* DESCRIPTION OF THE TASK: All the data below should be printed again without a single difference.

* INFORMATION SUPPLIED:
%%

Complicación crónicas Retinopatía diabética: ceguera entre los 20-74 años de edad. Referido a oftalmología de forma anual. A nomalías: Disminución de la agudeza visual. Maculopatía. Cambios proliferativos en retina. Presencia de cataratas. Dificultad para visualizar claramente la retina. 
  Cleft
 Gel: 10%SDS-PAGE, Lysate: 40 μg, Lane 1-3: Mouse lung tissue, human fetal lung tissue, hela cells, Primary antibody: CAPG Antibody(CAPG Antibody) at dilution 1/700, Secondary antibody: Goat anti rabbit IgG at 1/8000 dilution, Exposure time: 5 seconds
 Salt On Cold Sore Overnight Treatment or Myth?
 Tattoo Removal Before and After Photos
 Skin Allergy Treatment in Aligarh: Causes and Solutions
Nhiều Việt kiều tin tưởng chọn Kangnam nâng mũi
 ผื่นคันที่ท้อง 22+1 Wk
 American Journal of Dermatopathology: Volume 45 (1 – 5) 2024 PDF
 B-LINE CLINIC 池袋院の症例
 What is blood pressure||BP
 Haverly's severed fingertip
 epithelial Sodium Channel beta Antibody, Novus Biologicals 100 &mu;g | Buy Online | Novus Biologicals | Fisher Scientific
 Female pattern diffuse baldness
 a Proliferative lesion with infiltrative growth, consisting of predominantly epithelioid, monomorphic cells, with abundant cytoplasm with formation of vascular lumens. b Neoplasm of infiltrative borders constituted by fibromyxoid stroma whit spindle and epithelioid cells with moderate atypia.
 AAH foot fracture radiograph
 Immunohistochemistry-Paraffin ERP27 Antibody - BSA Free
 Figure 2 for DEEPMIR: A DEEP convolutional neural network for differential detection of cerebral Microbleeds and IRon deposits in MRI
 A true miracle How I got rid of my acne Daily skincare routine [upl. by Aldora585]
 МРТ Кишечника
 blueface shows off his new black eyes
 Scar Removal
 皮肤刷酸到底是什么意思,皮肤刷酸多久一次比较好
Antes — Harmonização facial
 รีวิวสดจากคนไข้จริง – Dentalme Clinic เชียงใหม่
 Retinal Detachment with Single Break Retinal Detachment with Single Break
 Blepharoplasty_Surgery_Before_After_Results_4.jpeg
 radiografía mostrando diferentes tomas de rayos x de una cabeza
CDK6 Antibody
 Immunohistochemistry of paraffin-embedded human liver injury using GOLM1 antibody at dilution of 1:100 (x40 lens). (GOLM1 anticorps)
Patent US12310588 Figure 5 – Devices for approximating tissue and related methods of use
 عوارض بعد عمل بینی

%%

* WRITTEN RESPONSE:
Complicación crónicas Retinopatía diabética: ceguera entre los 20-74 años de edad. Referido a oftalmología de forma anual. A nomalías: Disminución de la agudeza visual. Maculopatía. Cambios proliferativos en retina. Presencia de cataratas. Dificultad para visualizar claramente la retina. 
  Cleft
 Gel: 10%SDS-PAGE, Lysate: 40 μg, Lane 1-3: Mouse lung tissue, human fetal lung tissue, hela cells, Primary antibody: CAPG Antibody(CAPG Antibody) at dilution 1/700, Secondary antibody: Goat anti rabbit IgG at 1/8000 dilution, Exposure time: 5 seconds
 Salt On Cold Sore Overnight Treatment or Myth?
 Tattoo Removal Before and After Photos
 Skin Allergy Treatment in Aligarh: Causes and Solutions
Nhiều Việt kiều tin tưởng chọn Kangnam nâng mũi
 ผื่นคันที่ท้อง 22+1 Wk
 American Journal of Dermatopathology: Volume 45 (1 – 5) 2024 PDF
 B-LINE CLINIC 池袋院の症例
 What is blood pressure||BP
 Haverly's severed fingertip
 epithelial Sodium Channel beta Antibody, Novus Biologicals 100 &mu;g | Buy Online | Novus Biologicals | Fisher Scientific
 Female pattern diffuse baldness
 a Proliferative lesion with infiltrative growth, consisting of predominantly epithelioid, monomorphic cells, with abundant cytoplasm with formation of vascular lumens. b Neoplasm of infiltrative borders constituted by fibromyxoid stroma whit spindle and epithelioid cells with moderate atypia.
 AAH foot fracture radiograph
 Immunohistochemistry-Paraffin ERP27 Antibody - BSA Free
 Figure 2 for DEEPMIR: A DEEP convolutional neural network for differential detection of cerebral Microbleeds and IRon deposits in MRI
 A true miracle How I got rid of my acne Daily skincare routine [upl. by Aldora585]
 МРТ Кишечника
 blueface shows off his new black eyes
 Scar Removal
 皮肤刷酸到底是什么意思,皮肤刷酸多久一次比较好
Antes — Harmonização facial
 รีวิวสดจากคนไข้จริง – Dentalme Clinic เชียงใหม่
 Retinal Detachment with Single Break Retinal Detachment with Single Break
 Blepharoplasty_Surgery_Before_After_Results_4.jpeg
 radiografía mostrando diferentes tomas de rayos x de una cabeza
CDK6 Antibody
 Immunohistochemistry of paraffin-embedded human liver injury using GOLM1 antibody at dilution of 1:100 (x40 lens). (GOLM1 anticorps)
Patent US12310588 Figure 5 – Devices for approximating tissue and related methods of use
 عوارض بعد عمل بینی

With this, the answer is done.